でも、もっと前は、「ごく普通の列車が普通の車両で」夜通し走る夜行列車がたくさんあったのです。
…いや、たくさんあったらしいのです。
※私が生まれる前や、かなり小さいときの話なので、見聞きした情報も含みます。スミマセン。
421M列車の活躍
さて、今回終電が繰り上げとなる中央線の話題で登場するのが421Mという列車。
山岳夜行として人気
新宿駅を深夜00時01分に出発し、中央線を夜通し走って、上諏訪駅に到着するのが午前6時前。使用している車両が115系という当時の中央本線を昼間に走っている車両がそのまま使われていたそうです。
当然のように全車自由席で、出発の数時間前から待ち列ができるほどの人気列車だったようです。
列車番号 | 新宿発 | 大月着 | 甲府着 | 上諏訪着 |
---|---|---|---|---|
421M | 0:01 | 1:39 | 3:00 | 5:57 |
明け方のアルプスに行ける列車として、登山家から絶大な人気を博し、いつしか山岳夜行などと呼ばれるようになりました。
通勤列車としても利用
上諏訪へ向かうお客さんを運ぶ列車には、別の仕事もありました。
それが「中央線の最終列車」として通勤客を運ぶ役割。
新宿駅を0時に出る全車自由席の列車ということで、仕事を終えた人々が家路につく際に通勤列車として利用していたようです。
車内は翌日に備えて一杯やりながら眠りにつく乗客と、仕事を終えて一杯やってから家路につくサラリーマンが混在する不思議な光景が広がっていたのでしょう。まぁ、どちらにしても酔っている点は変わりなさそうですが。。
中央特快大月行きが受け継ぐ
そんな夜行列車ブームも徐々に衰退していきます。
前述の421M列車は、区間を甲府に短縮することとなり、夜行列車というよりは甲府行きの最終列車という性格が強くなります。
1993年に421Mは廃止となり、2021年現在では中央本線方面の最終電車は大月行きの中央特快が担うこととなっています。
大月駅に深夜1時10分に到着する同列車は、乗り過ごしたらアウトと言われる魔の最終列車となっていますが、お世辞にも需要が多いとは言えない高尾ー大月間を夜遅くまで走る痕跡として421Mの魂が宿っていたのかもしれません。

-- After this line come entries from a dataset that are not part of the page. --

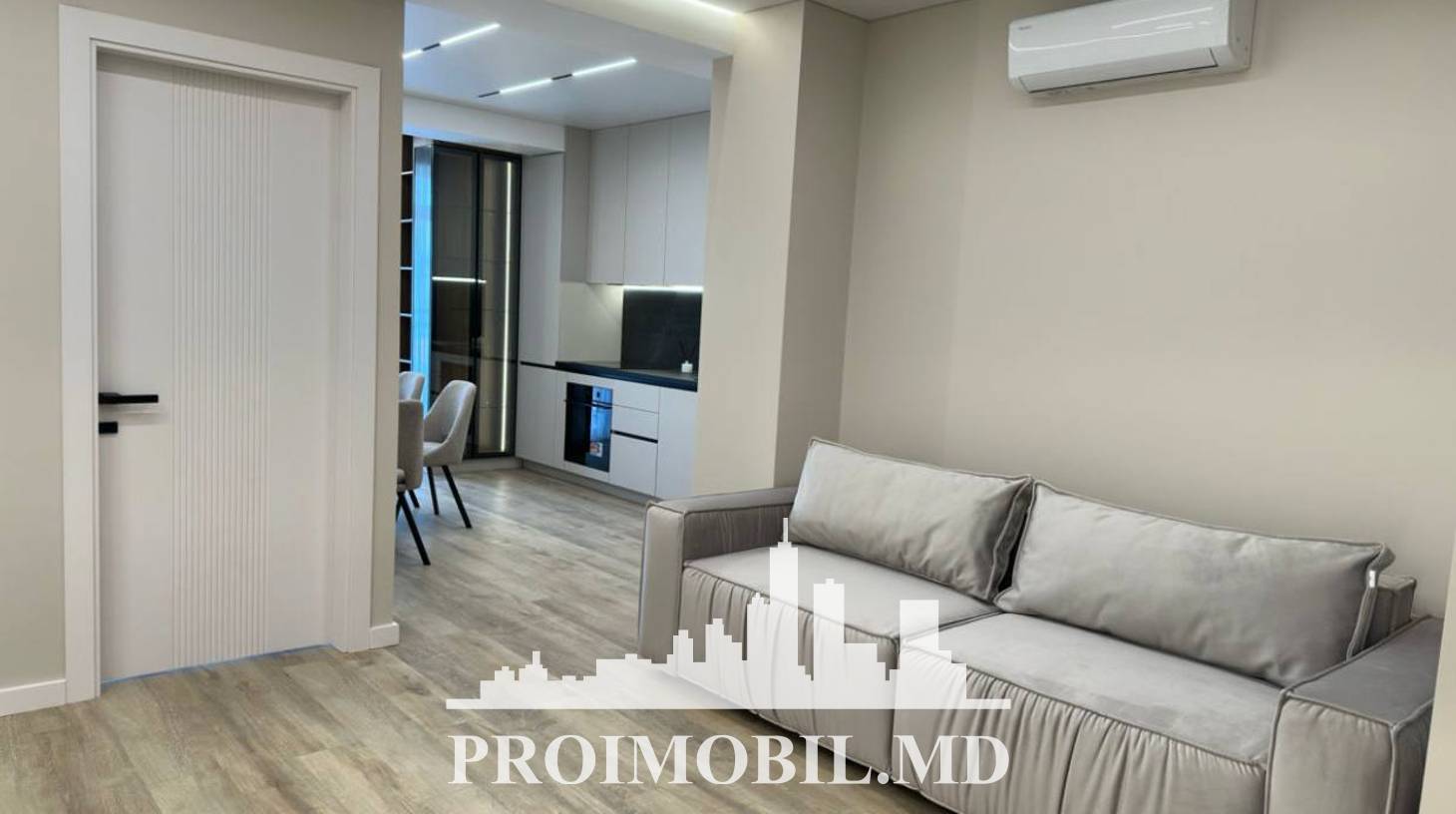 https://images.proimobil.md/jp_WDsqXvb3fQCQ-e802XuFZOqEijvtzSCb6xMGWPr8/watermark:0.75:so:0:30:0.39/resize:fill:1460:816:1/gravity:ce/bG9jYWw6Ly8vZXN0YXRlL2xyL2ZjNzM2YjY1LTBmNTktNGYzYy05N2QxLTE0MmQzZWMyMjU3OC5qcGVn
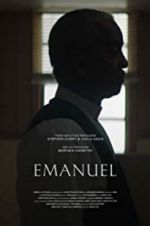 Watch Emanuel 123MovieFree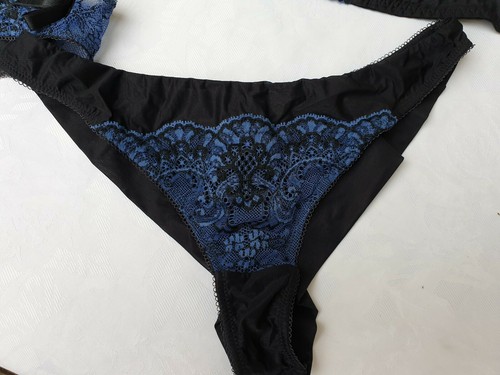 Charlott lingerie soutien - charlott,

あっ、話は少しそれますが…河口湖行きの電車で乗り過ごすともっと大変なことになりますのでご注意ください。
そして2021月改正へ
そして2021年3月の改正を迎えます。
この改正での目玉は、コロナ禍における需要の変化を受けた最終列車の時刻前倒し。中央線のダイヤにもメスが入りました。
東京発 | 新宿発 | 高尾発 | 大月着 | |
---|---|---|---|---|
改正前 | 23:30 | 23:45 | 0:33 | 1:10 |
改正後 | 23:10 | 23:25 | 0:17 | 0:53 |
山岳夜行の遺志を受け継ぐ大月行きの最終列車は約20分早くなり、大月駅着は0:53となります。
おまけ)ムーンライト信州
421M列車を彷彿とさせるような列車が登場。それがムーンライト信州。似たような時刻で夜の中央本線を下るのですが、全席指定席で、かつ特急型の車両が使われている点が異なります。そのため、会社帰りのサラリーマンは使えませんでした。
筆者は421M全盛期を知りませんが、ムーンライト信州なら乗ったことがあります。
松本駅で降りた後、行き場を失って駅前のマクドナルドに行ったのですが、まだ朝マックをやっておらず(=5時前)、朝っぱらからヘビーなハンバーガーを食べた記憶だけが残っています。
夜行列車も風前の灯火となり、どこかの駅に早朝に降り立つことがなくなりました。さみしい気もしますが、これも時代の流れですね。